35

I have a scenario where I have several thousand instances of data. The data itself is represented as a single integer value. I want to be able to detect when an instance is an extreme outlier.

For example, with the following example data:

a = 10
b = 14
c = 25
d = 467
e = 12

d is clearly an anomaly, and I would want to perform a specific action based on this.

I was tempted to just try an use my knowledge of the particular domain to detect anomalies. For instance, figure out a distance from the mean value that is useful, and check for that, based on heuristics. However, I think it's probably better if I investigate more general, robust anomaly detection techniques, which have some theory behind them.

Since my working knowledge of mathematics is limited, I'm hoping to find a technique which is simple, such as using standard deviation. Hopefully the single-dimensioned nature of the data will make this quite a common problem, but if more information for the scenario is required please leave a comment and I will give more info.

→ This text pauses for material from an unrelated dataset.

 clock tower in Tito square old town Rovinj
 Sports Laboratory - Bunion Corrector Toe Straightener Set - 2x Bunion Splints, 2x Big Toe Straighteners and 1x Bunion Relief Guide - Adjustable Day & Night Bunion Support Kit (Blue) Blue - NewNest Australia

Edit: thought I'd add more information about the data and what I've tried in case it makes one answer more correct than another.

The values are all positive and non-zero. I expect that the values will form a normal distribution. This expectation is based on an intuition of the domain rather than through analysis, if this is not a bad thing to assume, please let me know. In terms of clustering, unless there's also standard algorithms to choose a k-value, I would find it hard to provide this value to a k-Means algorithm.

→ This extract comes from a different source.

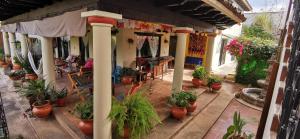 a porch with potted plants on the side of a building at Hotel Ocho Barrios in San Cristóbal de Las Casas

The action I want to take for an outlier/anomaly is to present it to the user, and recommend that the data point is basically removed from the data set (I won't get in to how they would do that, but it makes sense for my domain), thus it will not be used as input to another function.

So far I have tried three-sigma, and the IQR outlier test on my limited data set. IQR flags values which are not extreme enough, three-sigma points out instances which better fit with my intuition of the domain.

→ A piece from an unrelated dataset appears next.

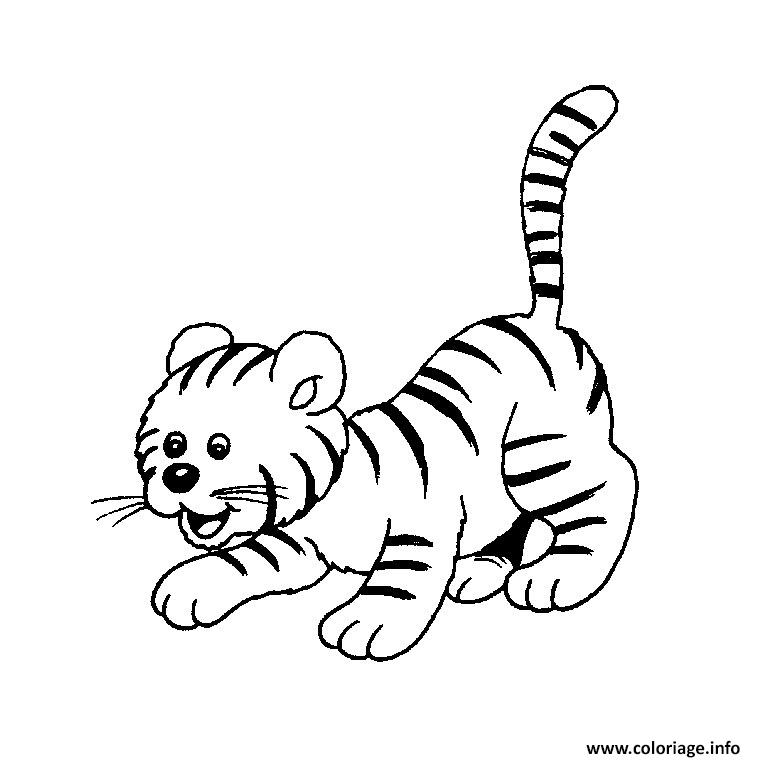 Dessin animaux mignon bebe tigre Coloriage Gratuit à Imprimer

Information on algorithms, techniques or links to resources to learn about this specific scenario are valid and welcome answers.

What is a recommended anomaly detection technique for simple, one-dimensional data?

Grundlefleck
  • 124,925
  • 25
  • 94
  • 111
  • Don't underestimate the value of scientific knowledge. Black box procedures are rarely the way to go. Try to express your scientific knowledge in terms of simple statistics. – Tristan Feb 20 '10 at 21:23
  • @Tristan: are you saying you think I should try to come up with a model which has some grounding in statistics, but ultimately is specific for my problem domain? – Grundlefleck Feb 21 '10 at 09:32
  • 1
    I'm just saying that your knowledge of what is reasonable (i.e., what is the model that generates the good data and bad data) is important information. You should design a procedure, such as using IQR, that is motivated by your scientific knowledge of the domain. I don't like things like k-means because it is not well motivated and is inherently inflexible, in my view. – Tristan Feb 21 '10 at 18:45

4 Answers4

49

Check out the three-sigma rule:

mu  = mean of the data
std = standard deviation of the data
IF abs(x-mu) > 3*std  THEN  x is outlier

An alternative method is the IQR outlier test:

Q25 = 25th_percentile
Q75 = 75th_percentile
IQR = Q75 - Q25         // inter-quartile range
IF (x < Q25 - 1.5*IQR) OR (Q75 + 1.5*IQR < x) THEN  x is a mild outlier
IF (x < Q25 - 3.0*IQR) OR (Q75 + 3.0*IQR < x) THEN  x is an extreme outlier

this test is usually employed by Box plots (indicated by the whiskers):

boxplot


EDIT:

For your case (simple 1D univariate data), I think my first answer is well suited. That however isn't applicable to multivariate data.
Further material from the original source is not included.